Keep your eyes peeled while playing Playa Grande, too. When you are not sizing up your putts looking for birdies, cast your gaze seawards and you might spot a passing humpback whale – thousands of them migrate to Samaná Bay, to the northeast, to mate and calve from mid-January to mid-March each year. You can also sometimes see them from other courses including Corales and Punta Espada, by the country’s easternmost tip.

Corales and Punta Espada are among five other golf courses around the Dominican Republic’s coastline with oceanside holes. Eight holes of the Jack Nicklaus-designed Punta Espada course play next to the sea, while 13 of its 18 holes have ocean views. Not only that, Punta Espada is this month celebrating its retention, for the eight consecutive year, of the #1 golf course ranking in GolfWeek’s Best of the Caribbean & Mexico list.

A Tom Fazio design, Corales boasts one of golf’s most magnificent finishes, the last three holes being called the Devil’s Elbow and culminating in a striking, U-shaped 18th that plays around a narrow, bluff-edged bay. Its 18 holes include 12 with sea views and four on the ocean. Of neighboring La Cana’s 27 holes, golfers can see the ocean from 14, with four also playing right by the water, including the closing two holes of its Arrecife course.


Opened in 1971 and renovated in 2005, Teeth of the Dog is one of four Pete Dye’s designs at the Casa de Campo resort at La Romana on the southeast coast, and was the first Dominican Republic course to use the sea to dramatic effect, putting it on the global golfing map. Its name derives from the jagged rock formations jutting into the Caribbean on which Dye placed tees and greens. Three of its four par-3 holes play over waves to the greens. In total, it has seven holes next to the sea and 11 with ocean views. Sister course Dye Fore, partly set on cliffs skirting the Chavón River valley, has 13 holes with Caribbean views.
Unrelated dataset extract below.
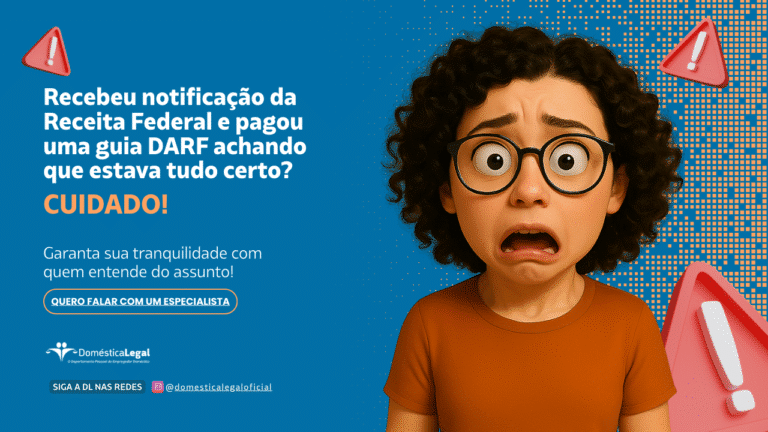 DARF x DAE no eSocial Doméstico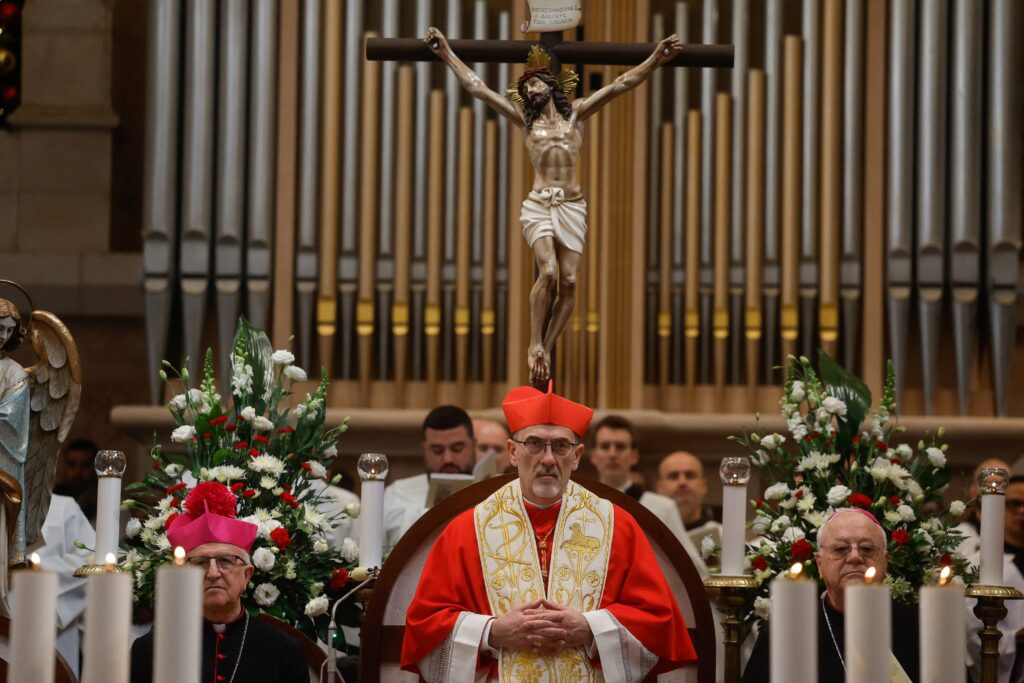 Slujba de Paștele catolic, celebrată la Ierusalim fără public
You can also drink in the Dominican Republic’s glorious seascapes while sipping local specialties after a long and hard-fought round with your golfing buddies, chilling out with a drink at the 19th hole. The country has some great 19th hole locations to help you relax, nowhere more so than La Cana’s grand Golf & Beach Club, magnificently positioned overlooking a white-sand beach and the blue Caribbean. The clubhouse bars of Punta Espada and Corales also offer great beach and sea views.

If you prefer a change of scenery, try one of the 12 courses perfectly set up for visiting golfers inland. They include The Lakes Barceló Golf Course, with 25 lakes set within a mangrove forest, the Nicklaus Design layout at the Hard Rock Golf Club at Cana Bay, where pink flamingos resident on a lake by the 18th green add a splash of color, and the Gary Player-designed Guavaberry Golf & Country Club course, 30 minutes from capital Santo Domingo’s airport, bordering a tropical forest and nature preserve and lined by stately Corozo palm trees. Several have island greens for those who really don’t want to get away from water!